Abstract: Thirty-eight provenances of Paulownia fortunei were used to detect the genetic diversity and genetic differentiation by inter-simple sequence repeats (ISSR) analysis. The results showed that: (1)A total 95 DNA fragments were amplified using 9 primers with unambiguous unique polymorphic bands screened from 100 ISSR primers, polymorphic loci of which were 88 (PPB=92.63%). (2)At the species level, the mean values of effective number of alleles (N_e) , Nei’s gene diversity index (H) and Shannon’s Information index (I) among provenances were 1.391 0, 0.242 4 and 0.376 5, respectively, the percentages of polymorphic loci (PPL) among different provenances were between 32.63% (Fuzhou, Jiangxi) and 56.84% (Wu Zhou, Guangxi and Jiu Jiang, Jiangxi) with an average of 47.16%; Gene flow among populations (N_m) was 0.912 7, the coefficient of population differentiation (G_st) was 0.353 9, which estimated that the genetic variation between provenances account for 35.39%, indicating that the genetic variation between provenances was higher than that of within provenances. (3)Genetic identity ranged from 0.39 to 0.82, reflecting the relatively wide genetic basis among P.fortunei provenances.
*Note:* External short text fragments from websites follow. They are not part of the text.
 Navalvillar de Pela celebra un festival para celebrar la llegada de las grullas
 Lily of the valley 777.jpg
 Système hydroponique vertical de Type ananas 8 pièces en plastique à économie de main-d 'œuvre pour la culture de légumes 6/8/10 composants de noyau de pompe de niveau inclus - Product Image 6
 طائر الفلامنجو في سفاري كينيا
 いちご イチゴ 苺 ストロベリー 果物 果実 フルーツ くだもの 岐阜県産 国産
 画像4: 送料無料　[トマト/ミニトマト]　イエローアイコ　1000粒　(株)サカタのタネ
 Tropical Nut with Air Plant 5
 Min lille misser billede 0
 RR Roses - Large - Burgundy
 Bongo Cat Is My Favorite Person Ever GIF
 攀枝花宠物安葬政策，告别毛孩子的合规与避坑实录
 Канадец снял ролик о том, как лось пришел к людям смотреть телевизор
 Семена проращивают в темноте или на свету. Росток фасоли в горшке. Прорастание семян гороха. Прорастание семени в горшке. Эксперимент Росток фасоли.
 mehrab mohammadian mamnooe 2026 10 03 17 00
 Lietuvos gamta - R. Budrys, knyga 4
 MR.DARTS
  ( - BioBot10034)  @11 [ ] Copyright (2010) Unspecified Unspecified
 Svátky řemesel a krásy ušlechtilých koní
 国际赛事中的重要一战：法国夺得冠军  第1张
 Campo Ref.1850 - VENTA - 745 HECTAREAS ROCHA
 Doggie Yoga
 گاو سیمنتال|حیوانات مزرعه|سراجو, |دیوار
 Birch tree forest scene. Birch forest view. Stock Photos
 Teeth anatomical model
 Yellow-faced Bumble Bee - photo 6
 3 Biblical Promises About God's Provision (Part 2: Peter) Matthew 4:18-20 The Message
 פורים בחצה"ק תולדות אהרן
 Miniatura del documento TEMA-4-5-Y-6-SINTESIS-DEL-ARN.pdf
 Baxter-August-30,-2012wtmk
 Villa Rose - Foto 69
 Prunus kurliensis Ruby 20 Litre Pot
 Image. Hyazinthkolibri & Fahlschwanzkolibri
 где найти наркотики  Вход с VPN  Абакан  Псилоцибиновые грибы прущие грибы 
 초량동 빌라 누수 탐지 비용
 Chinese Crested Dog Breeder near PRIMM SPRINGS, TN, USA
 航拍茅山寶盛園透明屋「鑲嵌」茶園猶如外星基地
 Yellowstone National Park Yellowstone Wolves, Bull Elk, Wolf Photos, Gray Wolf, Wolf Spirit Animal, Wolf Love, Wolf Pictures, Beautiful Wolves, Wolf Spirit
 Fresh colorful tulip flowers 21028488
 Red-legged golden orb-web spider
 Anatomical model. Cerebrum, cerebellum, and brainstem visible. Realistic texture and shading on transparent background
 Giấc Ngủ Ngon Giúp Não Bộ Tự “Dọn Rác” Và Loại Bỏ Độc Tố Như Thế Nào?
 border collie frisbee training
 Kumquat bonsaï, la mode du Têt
Thirty-eight provenances of P.fortunei could be divided into 3 major groups obviously based on the UPGMA cluster analysis. A rotated PCoA plot with the markers as observations was constructed to determine 4 big groups. Principal coordinates analysis (PCoA) for ISSR data did not give the same result with the UPGMA cluster, the corresponding discussion was made in the paper. The test also illustrated that there was no significant correlation between genetic and geographic distances among provenances.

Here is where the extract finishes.